Troubleshooting

Table 1. Problems and corrections
Problem number Problem Likely cause Correction
1 The Text Analytics engine generates incorrect token boundaries. An incorrect language value was set in the launch configuration. Confirm the language of the data collection, and check the value in the launch configuration.
2 The highlighting for span values in the Result Tree View, Labeled Document Collection Viewer, or File Side-by-Side Differences Viewer is off by a few characters. The text file encoding of the InfoSphere® BigInsights™ project is not set to UTF-8. Set the text file encoding of the InfoSphere BigInsights project to UTF-8:
  1. In the Project Properties, go to the Resources page.
  2. On the Resources page, select UTF-8 as the text file encoding.
3 In the InfoSphere BigInsights Tools for Eclipse, an out-of-memory error (OutOfMemoryError) occurs when you run your extractor on a data collection or navigate through the extracted results. Because the Text Analytics system has a document-at-a-time execution model, the memory utilization depends on the number of results that are generated for the largest document when you run an extractor in the Text Analytics runtime component or call Text Analytics APIs. However, when you run a Text Analytics extractor in the InfoSphere BigInsights Tools for Eclipse, all the results for all documents in the data collection are loaded in main memory so they can be displayed in the Annotation Explorer and the other result viewers. Choose a smaller data collection to test your extractor, or increase the maximum heap size for your Eclipse application. To increase the heap size:
  1. In your Eclipse installation directory, open the eclipse.ini file.
  2. Modify the value of the -Xmx VM argument, and save the file.
  3. Restart Eclipse.
4 The Annotation Explorer displays zero results for some extractors. The extractor results are non-span values and therefore are not shown in the Annotation Explorer. Use the Result Table Viewers to examine the non-span values.
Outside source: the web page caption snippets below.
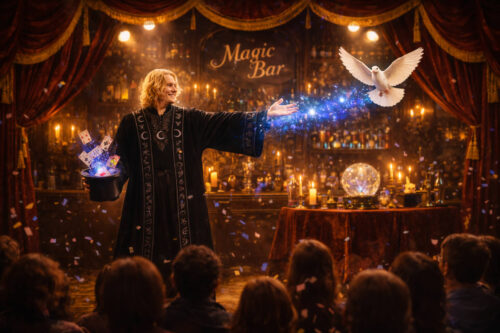 マジックバーショー
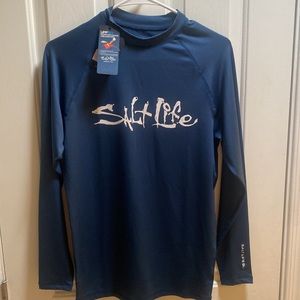 Salt Life performance Aqua shirt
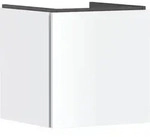 hansgrohe Xilesa E Waschtischunterschrank f&uuml;r Handwaschbecken, 1 Schubkasten,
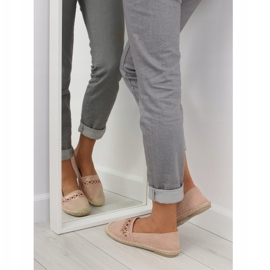 Alpargatas de mujer rosas SK135 Pink rosado 3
No action is required.
5 The Annotation Explorer displays empty spans of zero length such as [0-0]. When the span is opened:
  • An empty document is displayed in the Result Editor with Anonymous as the source text object from which the value is extracted.
  • The Result Tree View is opened and Anonymous is displayed in the title bar to indicate the source text object from which the value is extracted.
The extractor contains AQL code in which empty spans are created, for example:
								-- Identify matches of a 
-- dictionary of common 
-- first names
create view FirstName as 
 extract dictionary 
    'FirstNamesDict' 
     on D.text as name 
  from Document D;

							
								-- Identify matches of a 
-- dictionary of common last
-- names 
create view LastName as 
  extract dictionary 
  'LastNamesDict' 
   on D.text as name 
   from Document D;

							
								-- Identify matches of a 
-- dictionary of common 
-- salutations, for example,
--  'Mr.', 'Ms.', etc
create view Salutation 
  as 
  extract dictionary 
   'SalutationDict' 
  on D.text as name
 from Document D;

							
								-- Person candidate 1: 
-- identify first name 
-- immediately followed 
-- within 0 tokens by a last
-- name
create view PeopleNames1 
  as 
  select F.name as fName, 
    L.name as lName 
   from FirstName F, 
     LastName L 
 where FollowsTok
  (F.name, L.name, 0, 0);

							
								-- Person candidate 2: 
-- last names immediately 
-- preceded by a salutation
create view PeopleNames2 
  as
 select '' as fName, 
    L.name as lName
 from Salutation S, 
  LastName L
 where FollowsTok
   (S.name, L.name, 0, 0);

							
								-- Final view of PeopleNames
-- as a union of 
-- PeopleNames1 and 
-- PeopleNames2
create view PeopleNames 
  as 
(select P.fName as fName, 
  P.lName as lName 
  from PeopleNames1 P) 
 union all 
(select P.fName as fName, 
  P.lName as lName 
  from PeopleNames2 P);

output view PeopleNames;
							
In the example, empty text is created in PeopleNames2 for the fName field to indicate NULL or empty values for this field. The attributes in PeopleNames1, however, are not empty. Later, a union all AQL construct unifies the tuples from PeopleNames1 and PeopleNames2 to create the final output view, PeopleNames. The 2 views are not union-compatible in a strict sense. For example, the first view returns tuples whose first column is of type Span over Document.text, while the second view returns tuples whose first column is of type Text. However, the Text Analytics run time is not strict in this case and allows such unions, since using empty values to indicate null values is a convenient feature.

When the extractor that contains this kind of AQL code is run, there are empty span values of zero length [0-0] for the PeopleNames.fName . These empty spans correspond to the empty text created in PeopleNames2 . When one of these spans is opened in the Result Editor, an empty document is opened and contains Anonymous in the title. This title indicates that the value is a span over text created in the AQL code and it is not a Span over Document.text or a Span over other text that is derived from the input document text, for example by using the AQL detag statement.

For more information, see the AQL Reference in the Information Center.

6 The Text Analytics Indexer is corrupted, the new index files must be created, and refactoring and AQL Doc Hover does not work. Text Analytics Indexer can get corrupted in the following scenarios:
  • When you rename a project, module, or file while the workspace is being indexed, the following warning message is shown: The tooling workspace is being indexed. If you continue, the indexing might not be successful and refactoring feature won't work further. Cancel it and try your action again. In this case, if you continue, the indexer gets corrupted.
  • When you add or delete .aql files, or update .aql file content in quick succession before the indexer indexes the previous changes.
Generate new index files for the InfoSphere BigInsights Tools for Eclipse workspace:
  1. Close the InfoSphere BigInsights Tools for Eclipse workspace.
  2. Delete all of the existing index files (.idx) in WorkspaceRoot\ .metadata\.plugins\com.ibm.biginsight.textanalytics.indexer
  3. Restart the InfoSphere BigInsights Tools for Eclipse workspace.